Why I long for life in years gone by

The different faces of Esther Wangari Karanja, 81, during the interview. Photos/MICHAEL MUTE

What you need to know:

  • The perspective of an 81-year-old great grandmother on the woes facing country

Were Esther Wangari Karanja to have her way, she would want a country where everyone lives and loves everyone else without discrimination; where all co-exist, working together for the good of Kenya and sharing equitably all that Kenya has to offer.

In fact if she could live her life all over again, the 81-year-old mother, grandmother and great grandmother many times over, would want to live out her second chance in pre-independence Kenya and maybe a tiny bit in the first few years of independence.

Born in Kipkelyon in 1928, Wangari has seen Kenya go through the bad, the beautiful and the ugly of times. She remembers with nostalgia her early years; the period between 1940 to 1952 living and working among the Kipsigis in Sotik, where her parents settled from Rwathia in Murang’a.

Different tongue

In those days, she said, all the people of Kenya were one. They did not even have distinctive tribal names for one another, they used whatever endearment or epithet they felt best described a person who spoke a different tongue or behaved in a manner not familiar to them.
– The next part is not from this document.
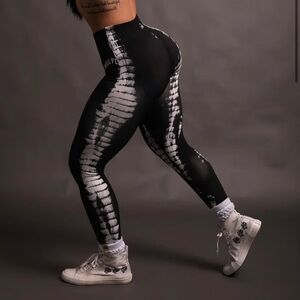 Wolves-Darc Sport serpent leggings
Regrettably those names would later, with the advent of the white man and the enlightening of some Africans, be termed derogatory.

According to her everyone, the Kikuyu, the Luhya, Luo, Kipsigis and other tribes lived and worked happily together. She recalled how when working on the flower farms in Sotik, the communities who were separated only by cultural differences in that they built their settlements according to their culture, dressed and stayed together in clusters, were not divided or biased against one another.

She said they came together in times of tragedy to mourn and in joy to celebrate as one.

Then the country was a haven of peace and security. She told how as young women and men, they roamed the villages for miles at night, going from dance to dance without fear.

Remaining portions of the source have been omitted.